ACTIVITY:
Output nothing but the lines from the one holding "2023 Mitsubishi Eclipse Cross ES" to the end of the listing. Reproduce them exactly, without the pictures.

DATASET SECTION:
┄┄┄┄┄┄┄┄┄┄┄┄┄┄┄┄┄┄┄┄
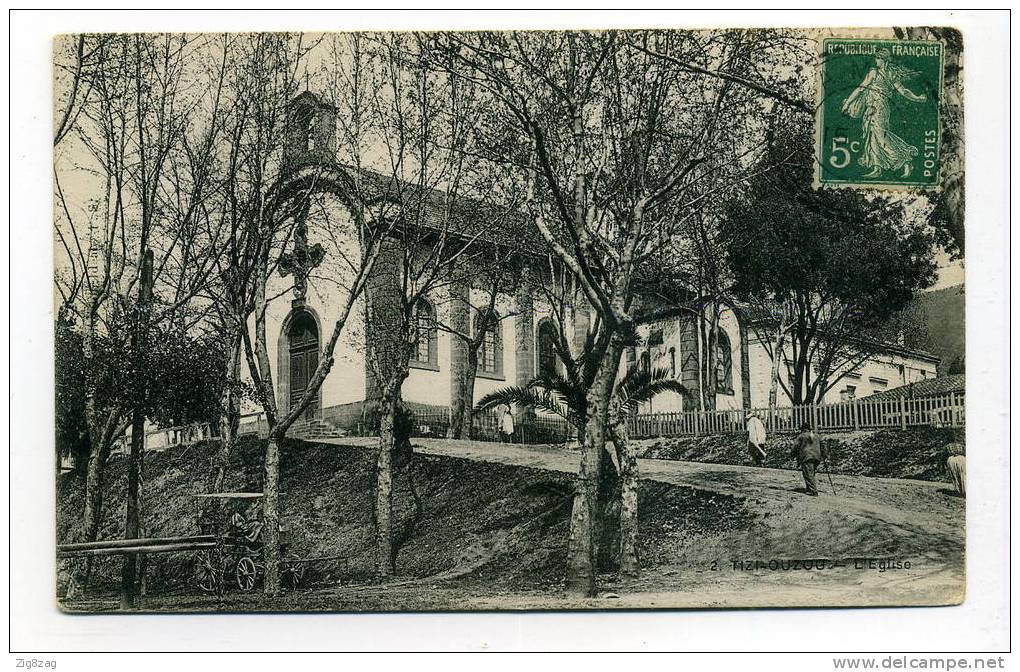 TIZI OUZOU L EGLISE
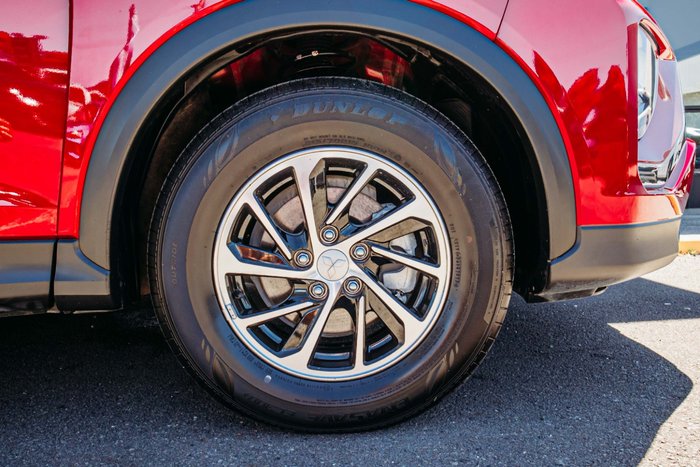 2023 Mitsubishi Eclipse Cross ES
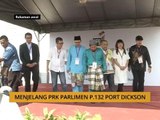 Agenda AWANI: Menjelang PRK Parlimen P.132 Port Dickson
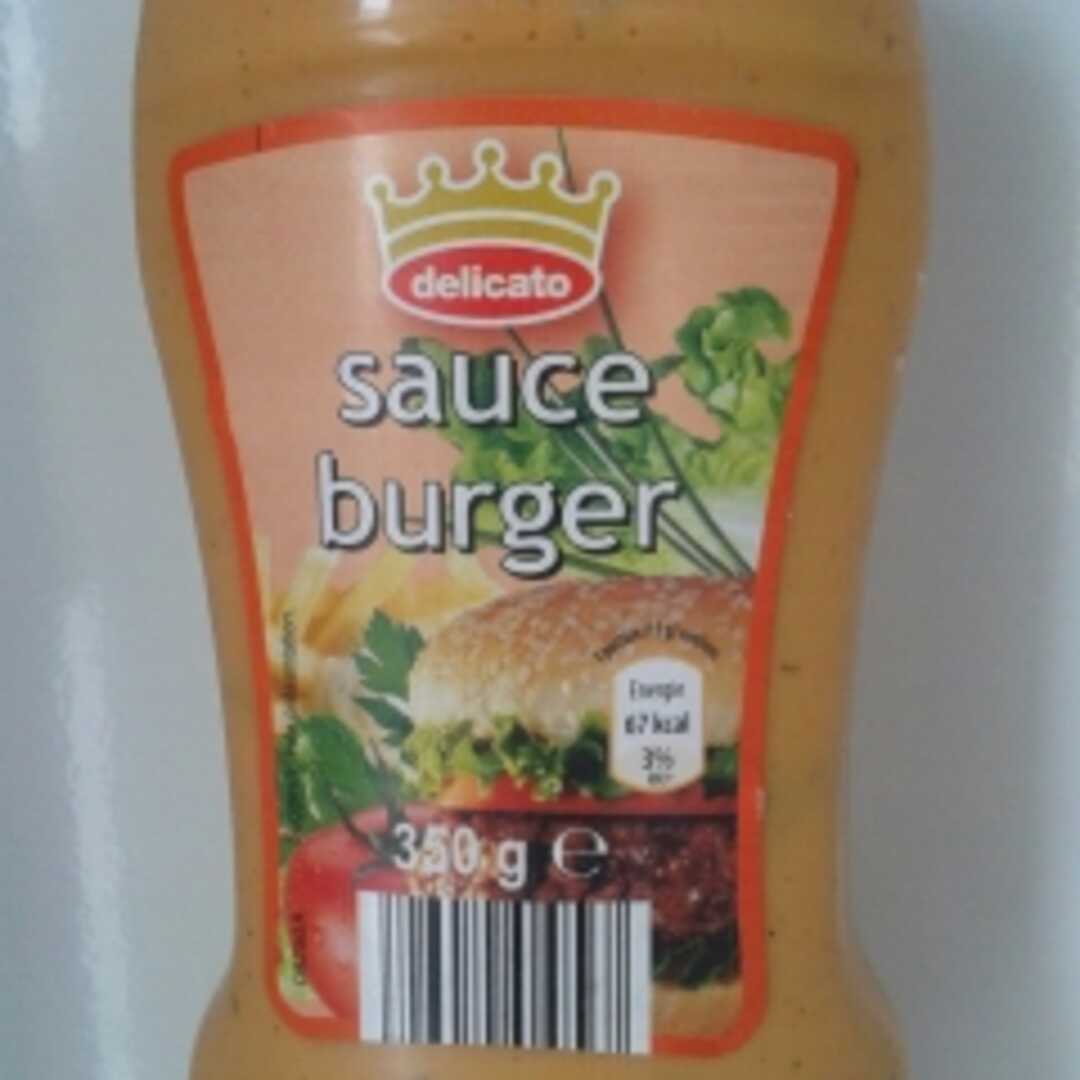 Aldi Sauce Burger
┄┄┄┄┄┄┄┄┄┄┄┄┄┄┄┄┄┄┄┄
TASK RESPONSE:
 2023 Mitsubishi Eclipse Cross ES
 Agenda AWANI: Menjelang PRK Parlimen P.132 Port Dickson
 Aldi Sauce Burger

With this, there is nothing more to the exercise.